1) Net cash provided by operating activities is $2.3 million. Planned capital
expenditures are $2 million. Depreciation expense is $1 million per year. What is free
cash flow?
A) ($700,000)
B) $300,000
C) $1,000,000
D) $1,300,000
2) An Investment in Available-for-Sale Securities are purchased for $400,000 and have
a fair value of $420,000 at the end of the year.
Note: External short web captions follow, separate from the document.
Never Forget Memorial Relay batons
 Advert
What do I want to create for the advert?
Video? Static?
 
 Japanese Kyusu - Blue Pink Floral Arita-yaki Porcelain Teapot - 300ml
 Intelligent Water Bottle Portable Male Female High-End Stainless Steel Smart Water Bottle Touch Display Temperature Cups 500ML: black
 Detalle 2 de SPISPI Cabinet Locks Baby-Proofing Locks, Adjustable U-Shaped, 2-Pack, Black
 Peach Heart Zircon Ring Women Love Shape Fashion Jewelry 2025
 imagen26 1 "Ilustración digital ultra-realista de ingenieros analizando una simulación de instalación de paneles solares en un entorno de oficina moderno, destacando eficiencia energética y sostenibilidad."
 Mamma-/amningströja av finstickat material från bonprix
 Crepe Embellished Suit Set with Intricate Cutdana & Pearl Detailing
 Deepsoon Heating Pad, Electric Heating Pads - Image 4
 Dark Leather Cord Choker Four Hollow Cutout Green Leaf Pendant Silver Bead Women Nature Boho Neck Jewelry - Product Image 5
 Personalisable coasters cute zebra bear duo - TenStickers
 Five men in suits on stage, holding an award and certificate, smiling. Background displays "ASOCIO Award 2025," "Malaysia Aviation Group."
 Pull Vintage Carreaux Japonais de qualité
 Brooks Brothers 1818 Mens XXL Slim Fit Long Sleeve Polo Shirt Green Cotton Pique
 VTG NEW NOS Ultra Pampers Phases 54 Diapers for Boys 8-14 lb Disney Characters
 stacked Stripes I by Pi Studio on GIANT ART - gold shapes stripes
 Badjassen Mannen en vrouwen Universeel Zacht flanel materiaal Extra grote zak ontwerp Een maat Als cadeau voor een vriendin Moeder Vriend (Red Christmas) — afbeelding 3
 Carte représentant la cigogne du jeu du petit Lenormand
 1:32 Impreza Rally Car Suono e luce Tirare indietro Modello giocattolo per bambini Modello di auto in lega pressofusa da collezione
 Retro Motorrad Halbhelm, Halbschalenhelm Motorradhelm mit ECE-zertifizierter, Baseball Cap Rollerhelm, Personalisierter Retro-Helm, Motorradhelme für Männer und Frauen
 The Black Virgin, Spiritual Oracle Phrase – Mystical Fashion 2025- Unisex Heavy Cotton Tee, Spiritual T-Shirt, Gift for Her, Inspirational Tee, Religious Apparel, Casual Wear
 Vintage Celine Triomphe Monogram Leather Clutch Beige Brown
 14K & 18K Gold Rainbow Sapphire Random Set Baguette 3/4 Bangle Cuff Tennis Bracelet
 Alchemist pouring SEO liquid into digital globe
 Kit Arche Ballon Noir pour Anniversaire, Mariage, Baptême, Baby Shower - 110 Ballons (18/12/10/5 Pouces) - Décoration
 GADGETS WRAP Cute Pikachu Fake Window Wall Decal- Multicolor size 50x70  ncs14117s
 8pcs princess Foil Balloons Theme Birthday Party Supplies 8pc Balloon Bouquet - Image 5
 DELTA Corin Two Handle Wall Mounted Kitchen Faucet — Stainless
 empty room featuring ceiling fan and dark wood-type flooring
The required journal entry at year-end
will have a credit to:
A) Retained Earnings
B) Unrealized Gain on Investment in Available-for-Sale Securities
C) Investment in Available-for-Sale Securities
D) Investment in Trading Securities
3) The direct method of preparing the statement of cash flows:
A) has an identical operating activities section as the indirect method
B) is used by a vast majority of companies
C) is preferred by FASB
D) is much easier for companies to compute
4) Treating a capital expenditure as an immediate expense:
A) overstates assets and stockholders’ equity in the year of the error
B) understates assets and stockholders’ equity in the year of the error
C) understates assets and overstates stockholders’ equity in the year of the error
D) overstates assets and understates stockholders’ equity in the year of the error
5) All of the following will appear on the bank statement EXCEPT for:
A) checks paid and deposits made before the cutoff date on the bank statement
B) book errors
C) checks paid and deposits made after the cutoff date on the bank statement
D) B and C
6) When an investor owns between 20% and 50% of the outstanding stock of another
company, the ________ method is used to account for the stock investment.
A) fair value
B) equity
C) consolidated
D) available-for-sale
7) The Diamond Store began business on June 1 During the month of June, it had cash
payments of $9,000 At the end of June, it had a $14,000 balance in Cash Based on this
information, the cash receipts for the month of June were:
A) $5,000
B) $14,000
C) $23,000
D) $32,000
8) The CORRECT data flow from one financial statement to the next is:
A) statement of retained earnings, income statement, balance sheet, statement of cash
flows
B) balance sheet, statement of retained earnings, income statement, statement of cash
flows
C) statement of retained earnings, income statement, statement of cash flows, balance
sheet
D) income statement, statement of retained earnings, balance sheet, statement of cash
flows
9) Accumulated Other Comprehensive Income is reported in the:
A) income statement
B) statement of comprehensive income
C) statement of retained earnings
D) balance sheet
10) An important rule of debits and credits is:
A) credits increase a revenue account
B) debits decrease an asset account
C) revenues are increased by a debit
D) expenses are increased by a credit
11) Which of the following is NOT a business transaction?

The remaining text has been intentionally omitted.